In the material below, find the line with "علماء يكتشفون بروتيناً" and the line with "Illustration of dental implant and crown". Output exactly those two lines and all lines between them, leaving out pictures.

*** Recorded data ***

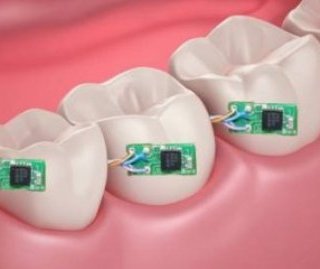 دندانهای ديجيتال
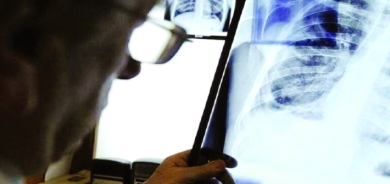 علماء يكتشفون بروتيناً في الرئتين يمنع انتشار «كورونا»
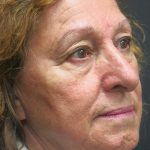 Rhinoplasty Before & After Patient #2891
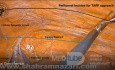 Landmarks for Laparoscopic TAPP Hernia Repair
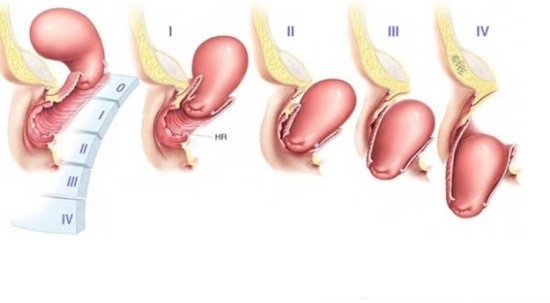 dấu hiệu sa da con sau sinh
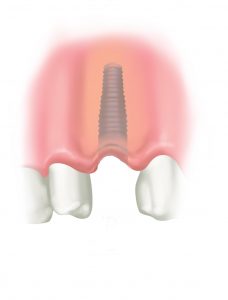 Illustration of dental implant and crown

*** End of Recorded data ***
*** Recorded data ***

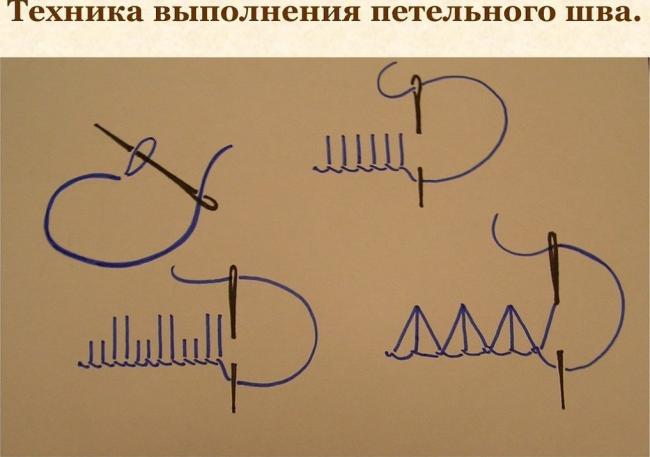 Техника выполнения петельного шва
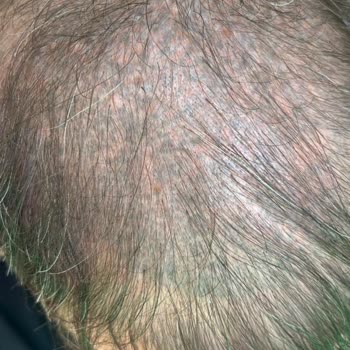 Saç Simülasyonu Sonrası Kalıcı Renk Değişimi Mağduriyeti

*** End of Recorded data ***
*** Recorded data ***

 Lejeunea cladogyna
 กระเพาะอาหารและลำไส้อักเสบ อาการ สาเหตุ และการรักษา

*** End of Recorded data ***

■ **Task response**
 علماء يكتشفون بروتيناً في الرئتين يمنع انتشار «كورونا»
 Rhinoplasty Before & After Patient #2891
 Landmarks for Laparoscopic TAPP Hernia Repair
 dấu hiệu sa da con sau sinh
 Illustration of dental implant and crown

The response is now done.